Roberta Remy, Internationally Known Artist
September 10-14, 2007
Location: Impact Artists’ Gallery
Tri-Main Center, Suite 545
2495 Main Street
Buffalo, NY 14214
Time: 9:30 am – 3:30 pm
Lunch: 12 noon – 1 pm Bring a bag lunch or
Visit the Bistro Café in Tri-Main Lobby. Fast service.
Fee: $400 Members
TBA Modeling Fee
Limited Class Size. RESERVATIONS WILL BE ACCEPTED IN ORDER OF POSTMARK.
A check for the full amount payable to Impact Artists Gallery must accompany your reservation form. (This includes a $25.00 non-refundable deposit). Enclose a self-addressed STAMPED ENVELOPE for confirmation. There will be no refunds 30 days prior to workshop regardless of reason unless you provide a replacement or the workshop is canceled.
MAIL TO: Impact Artists Gallery,
Tri-Main Center, Suite 545, Buffalo, NY 14214
For further information contact the Gallery at (716) 835-6817
Award-winning artist Roberta Remy’s work can be found in corporate and private collections
throughout the US, Brazil and Europe, and locally at Vern Stein’s Gallery in Williamsville,
NY. She attended Parsons School of Design, School of Visual Arts and the Art Students
League of New York. She studied painting
with master painters Frank Mason, George
Passantino, David Leffel and Sherrie McGraw,
and drawing and anatomy with Robert Beverly
Hale. She has exhibited at the Albuquerque
Museum of Fine Arts. Remy has been featured
in International Artist’s new book, “How Did
You Paint That? 100 Ways to Paint Still Life
and Florals”, published in January, 2004.

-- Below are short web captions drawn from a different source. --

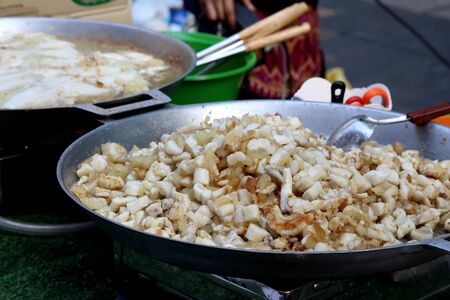 The  stir fried squid eggs in th big hot pan.の写真素材
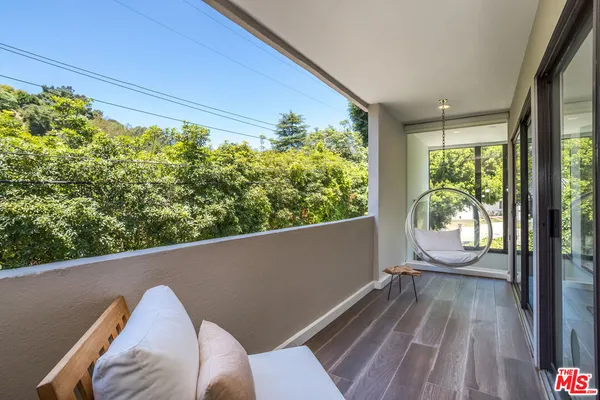 a view of roof deck with wooden floor and outdoor seating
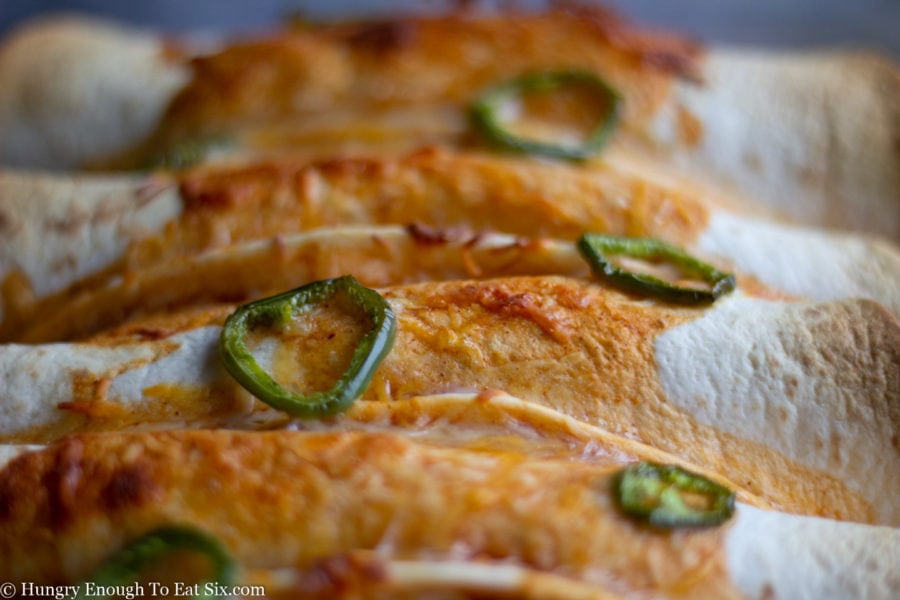 Close-up of jalapenos and baked cheese on burritos.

Previously a New York-based illustrator
whose clients included Macmillan Publishing,
Playskool, Cabbage Patch Kids and McDonalds,
she now makes Santa Fe, New Mexico her home
base, where she’s been expanding her teaching activities since 1995.
Remy is a contemporary painter in the realist tradition: she specializes in still life,
figurative, portraiture, interiors and cityscapes. A diversity of subjects is brought to life by a
pursuit of the ideals and excellence of the Old Masters, interpreted in a contemporary spirit.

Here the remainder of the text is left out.